Memahami Perbuatan Bid’ah

عَنْ أُمِّ الْمُؤْمِنِيْنَ أُمِّ عَبْدِ اللهِ عَائِشَةَ رَضِيَ اللهُ عَنْهَا قَالَتْ : قَالَ رَسُوْلُ الله صلى الله عليه وسلم : مَنْ أَحْدَثَ فِي أَمْرِنَا هَذَا مَا لَيْسَ مِنْهُ فَهُوَ  رَدٌّ.   [رواه البخاري ومسلم وفي رواية لمسلم : مَنْ عَمِلَ عَمَلاً لَيْسَ عَلَيْهِ أَمْرُنَا فَهُوَ رَدٌّ ]

 

Terjemah hadits / ترجمة الحديث :

Dari Ummul Mu’minin; Ummu Abdillah; Aisyah radhiallahuanha dia berkata : Rasulullah Shallallahu’alaihi wasallam bersabda : Siapa yang mengada-ada dalam urusan (agama) kami ini yang bukan (berasal) darinya), maka dia tertolak. (Riwayat Bukhori dan Muslim), dalam riwayat Muslim disebutkan: siapa yang melakukan suatu perbuatan (ibadah) yang bukan urusan (agama) kami, maka dia tertolak.

Pelajaran yang terdapat dalam hadits / الفوائد من الحديث :

Secara syara’, bid’ah adalah segala sesuatu yang dilakukan tanpa ada contoh sebelumnya. Semua amal atau perbuatan yang tidak disebutkan dalam perintah agama, kemuadian itu dianggap sebagai perintah agama, maka amal atau perbuatan tersebut ditolak. Hadis ini sharih (terang-terangan) menolak terhadap perbuatan bid’ah. Akan tetapi, menurut madzhab Ahlis Sunnah Wal-Jamaah, bid’ah yang ditolak adalah bid’ah sayyiah. Ini bisa dibuktikan, karena ternyata para sahabat Nabi juga banyak yang melaksanakan perbuatan serta membuat kebijakan yang tidak pernah ada pada waktu Rasulullah SAW. Masih hidup. Misalnya usaha membukukan Al-Quran, menambah jumlah adzan  menjadi dua kali pada hari jumat, shalat tarawikh secara berjamaah sebulan penuh, dan masih banyak lagi hasil ijtihad para sahabat yang ternyata tidak pernah ada pada masa Rasulullah SAW. Keterangan ini sebagaimana dijelaskan oleh KH. Muhyiddin Abdussomad dalam buku Fiqh Tradisional.

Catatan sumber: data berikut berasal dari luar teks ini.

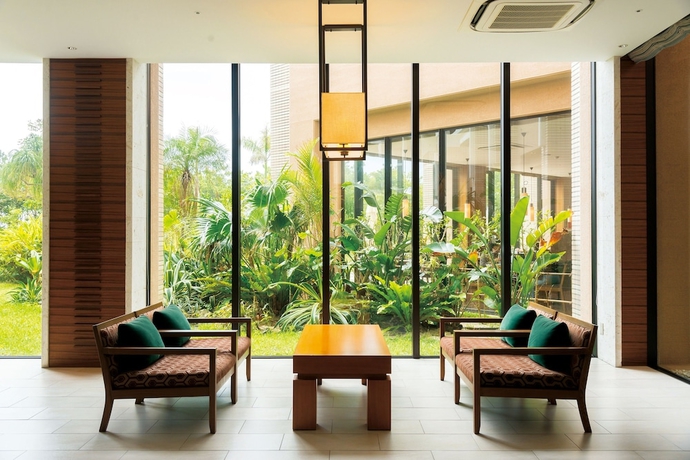 Imagen de los interiores del Hotel Moon Ocean Ginowan and Residence. Foto 19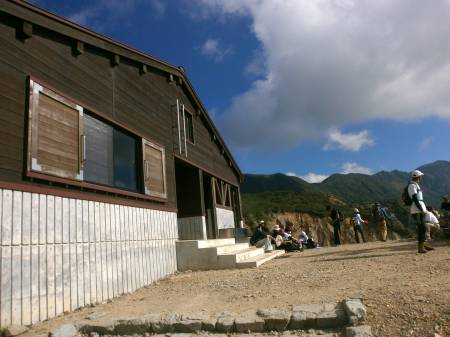 甚之助非難小屋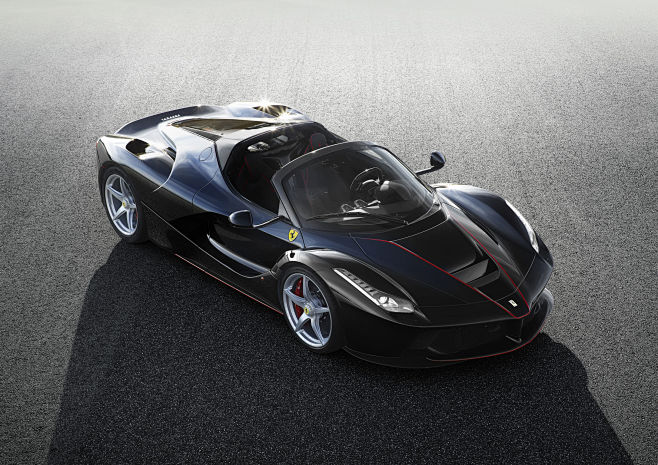 FERRARI LAFERRARI AP...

Menurut Syaikh Ibnu ‘Abdis Salam, “yang namanya bid’ah adalah setiap amal atau perbuatan yang belum pernah terjadi di zaman Rasulullah SAW. Adapun bid’ah itu terbagi menjadi lima (5) macam, yaitu:

1.      Bid’ah Wajibah (wajb), contohnya seperti mempelajari (ngaji) ilmu Nahwu, ilmu Sharaf yang bertujuan agar bisa memahami ilmu-ilmu syari’at. Dalam hal ini meski dianggap bid’ah tetapi justru wajib dilakukan. Contoh lain, seperti membukukan ayat-ayat Al-Qur’an. Di zaman Rasulullah ayat-ayat Al-Qur’an memang tidak dibukukan, tetapi ditulis di kulit binatang, batu yang tipis, pelepah kurma, tulang binatang dan sebagainya. 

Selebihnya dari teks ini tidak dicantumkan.